Our experiment utilized a commonly used paradigm where users perform primary tasks and are occasionally interrupted to perform peripheral tasks. It differs from previous interruption experiments because it measures effects along performance and affective dimensions, controls for task workload by manipulating only the time at which peripheral tasks are presented, and uses a theoretical basis for selecting the timings. Many prior experiments have measured the effects of interruption using some combination of completion time, error rate, and decision-making; including (Czerwinski et al., 2000a, Kreifeldt and McCarthy, 1981, Latorella, 1998, Monk et al., 2002, Speier et al., 1999, Trafton et al., 2003). In addition to completion time and error rate, our experiment measures effects of interruption along affective dimensions of annoyance and anxiety. Understanding these effects is particularly important for information workers and end users, as a few extra seconds or errors made on a task may be of low consequence relative to unnecessary increases in stress (Motowidlo, Packard, & Manning, 1986). While the interruption experiment conducted by Zijlstra, Roe, Leonora, and Krediet (1999) also measured affective dimensions, that experiment did not control for task workload. Our experiment controls for task workload by manipulating only the time at which peripheral tasks are presented to a user relative to a sequence of primary tasks.

We selected moments for interrupting a primary task sequence from theoretical arguments by Miyata and Norman (1986). The authors speculate that task boundaries represent more opportune moments for interruption because users have reduced mental workload at these moments. When a user completes a task, the executive system releases allocated resources, momentarily reducing workload before the cycle of allocation/deallocation occurs again for the next task. The boundary period from when resources are released to when resources are allocated for the next task should represent an opportune, or less disruptive, moment for interruption. Combining this hypothesis with a coarse structure of a primary task sequence, our experiment compares two moments for presenting peripheral tasks – between vs. during the execution of primary tasks.

For the experiment, we developed six categories of primary tasks: adding, counting, reading comprehension, image comprehension, selection, and registration, and two categories of peripheral tasks: reading news headlines and reasoning about market actions. Primary tasks were designed to be representative of tasks often performed within larger interactive activities and peripheral tasks were designed to be representative of information often maintained at the periphery of user attention. Users were divided into an Experimental and Control group. In the Experimental group, a user performed a sequence of three tasks from a primary category. The execution of one primary task was interrupted with a reading task, another was interrupted with a reasoning task, and the remaining task was not interrupted. This procedure was then repeated for the five remaining task categories. In the Control group, users performed the same primary tasks except that peripheral tasks were now presented at the boundaries between those tasks, which controlled for task workload. We measured completion time, error rate, annoyance, and anxiety, and validated difficulty of the primary tasks using subjective ratings.
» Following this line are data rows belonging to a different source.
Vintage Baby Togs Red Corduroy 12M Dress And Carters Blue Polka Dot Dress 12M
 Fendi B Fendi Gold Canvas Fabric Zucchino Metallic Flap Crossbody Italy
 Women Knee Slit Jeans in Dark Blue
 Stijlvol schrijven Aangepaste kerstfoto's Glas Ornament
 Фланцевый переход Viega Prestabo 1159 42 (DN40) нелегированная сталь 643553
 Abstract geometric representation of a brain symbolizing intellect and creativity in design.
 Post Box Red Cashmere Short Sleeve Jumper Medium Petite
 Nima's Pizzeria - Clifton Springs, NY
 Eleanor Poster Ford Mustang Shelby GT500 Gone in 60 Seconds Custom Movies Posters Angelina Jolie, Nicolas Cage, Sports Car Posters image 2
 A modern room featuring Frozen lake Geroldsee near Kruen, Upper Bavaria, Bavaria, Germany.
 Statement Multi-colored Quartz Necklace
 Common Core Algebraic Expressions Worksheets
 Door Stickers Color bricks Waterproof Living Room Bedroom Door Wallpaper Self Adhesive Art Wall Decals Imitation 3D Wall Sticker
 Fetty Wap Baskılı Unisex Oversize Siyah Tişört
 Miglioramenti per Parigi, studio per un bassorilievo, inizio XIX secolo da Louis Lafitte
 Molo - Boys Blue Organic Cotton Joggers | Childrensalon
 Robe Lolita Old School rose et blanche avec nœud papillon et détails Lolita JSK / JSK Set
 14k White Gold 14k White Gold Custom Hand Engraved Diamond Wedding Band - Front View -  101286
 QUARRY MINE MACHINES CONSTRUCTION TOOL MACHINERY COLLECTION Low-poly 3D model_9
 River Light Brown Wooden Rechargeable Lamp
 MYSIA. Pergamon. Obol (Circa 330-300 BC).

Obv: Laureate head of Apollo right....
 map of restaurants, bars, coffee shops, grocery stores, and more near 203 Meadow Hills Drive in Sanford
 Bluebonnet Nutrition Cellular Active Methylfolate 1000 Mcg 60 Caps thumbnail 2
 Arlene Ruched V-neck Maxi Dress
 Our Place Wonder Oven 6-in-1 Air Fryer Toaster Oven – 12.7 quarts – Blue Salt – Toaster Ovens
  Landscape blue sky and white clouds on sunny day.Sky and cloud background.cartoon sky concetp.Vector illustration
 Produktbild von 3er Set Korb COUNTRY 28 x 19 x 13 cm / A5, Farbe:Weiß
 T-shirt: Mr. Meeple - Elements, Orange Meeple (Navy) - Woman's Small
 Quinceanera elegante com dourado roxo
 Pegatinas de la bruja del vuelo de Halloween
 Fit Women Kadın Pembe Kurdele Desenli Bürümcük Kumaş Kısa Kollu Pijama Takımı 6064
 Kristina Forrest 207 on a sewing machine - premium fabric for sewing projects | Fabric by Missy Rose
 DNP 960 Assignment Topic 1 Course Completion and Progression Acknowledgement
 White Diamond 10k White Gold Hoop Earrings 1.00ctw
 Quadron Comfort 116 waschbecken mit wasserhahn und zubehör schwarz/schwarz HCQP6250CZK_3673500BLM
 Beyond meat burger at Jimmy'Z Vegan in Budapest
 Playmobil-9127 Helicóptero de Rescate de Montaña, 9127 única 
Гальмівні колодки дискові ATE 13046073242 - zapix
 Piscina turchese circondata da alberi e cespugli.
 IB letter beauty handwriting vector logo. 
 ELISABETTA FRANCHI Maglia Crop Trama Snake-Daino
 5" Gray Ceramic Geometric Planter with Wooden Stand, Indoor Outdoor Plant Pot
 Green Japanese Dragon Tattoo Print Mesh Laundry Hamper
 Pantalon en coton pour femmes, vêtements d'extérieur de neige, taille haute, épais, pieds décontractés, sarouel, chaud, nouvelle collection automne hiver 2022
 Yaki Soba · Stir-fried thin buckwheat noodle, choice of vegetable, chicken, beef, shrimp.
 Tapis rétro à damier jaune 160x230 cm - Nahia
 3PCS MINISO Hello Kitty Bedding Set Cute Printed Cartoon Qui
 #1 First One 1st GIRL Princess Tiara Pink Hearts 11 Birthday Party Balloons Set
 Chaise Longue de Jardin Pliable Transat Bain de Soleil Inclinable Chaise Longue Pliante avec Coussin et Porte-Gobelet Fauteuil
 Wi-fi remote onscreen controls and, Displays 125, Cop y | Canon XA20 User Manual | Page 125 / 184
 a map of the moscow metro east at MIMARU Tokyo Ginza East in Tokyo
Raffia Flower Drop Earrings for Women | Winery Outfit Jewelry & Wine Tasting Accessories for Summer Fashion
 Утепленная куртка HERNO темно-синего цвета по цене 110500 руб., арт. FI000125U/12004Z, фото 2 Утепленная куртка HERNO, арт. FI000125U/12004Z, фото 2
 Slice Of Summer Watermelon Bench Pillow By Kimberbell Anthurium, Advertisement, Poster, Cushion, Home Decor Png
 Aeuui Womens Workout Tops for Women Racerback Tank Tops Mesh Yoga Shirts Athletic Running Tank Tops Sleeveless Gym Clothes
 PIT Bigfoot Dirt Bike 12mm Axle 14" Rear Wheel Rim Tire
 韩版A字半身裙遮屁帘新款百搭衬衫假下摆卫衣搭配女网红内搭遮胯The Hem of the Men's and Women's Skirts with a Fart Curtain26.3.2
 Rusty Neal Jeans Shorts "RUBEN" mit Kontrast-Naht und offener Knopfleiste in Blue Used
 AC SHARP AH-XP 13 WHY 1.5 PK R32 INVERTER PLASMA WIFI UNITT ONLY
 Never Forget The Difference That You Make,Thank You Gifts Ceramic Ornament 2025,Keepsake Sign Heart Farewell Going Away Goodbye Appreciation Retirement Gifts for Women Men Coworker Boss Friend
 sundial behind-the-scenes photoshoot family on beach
Results show that when peripheral tasks interrupt the execution of primary tasks, users require more time to complete the primary tasks, commit more errors across tasks, and experience more annoyance and anxiety than when those same peripheral tasks are presented between the primary tasks. When extrapolated over the millions of computer users whose tasks are being increasingly interrupted by applications executing outside their focus of attention, our results show that the collective impact of these interruptions could be quite remarkable.

Since only the timing of peripheral tasks was manipulated, our results motivate the use of a temporal strategy in attention-aware systems for mitigating effects of interruption. By deferring delivery of peripheral information until coarse boundaries are reached during task execution, the resulting interruption would have considerably less disruptive impact. As shown by our results, a small delay in delivery could lead to a large mitigation of disruption.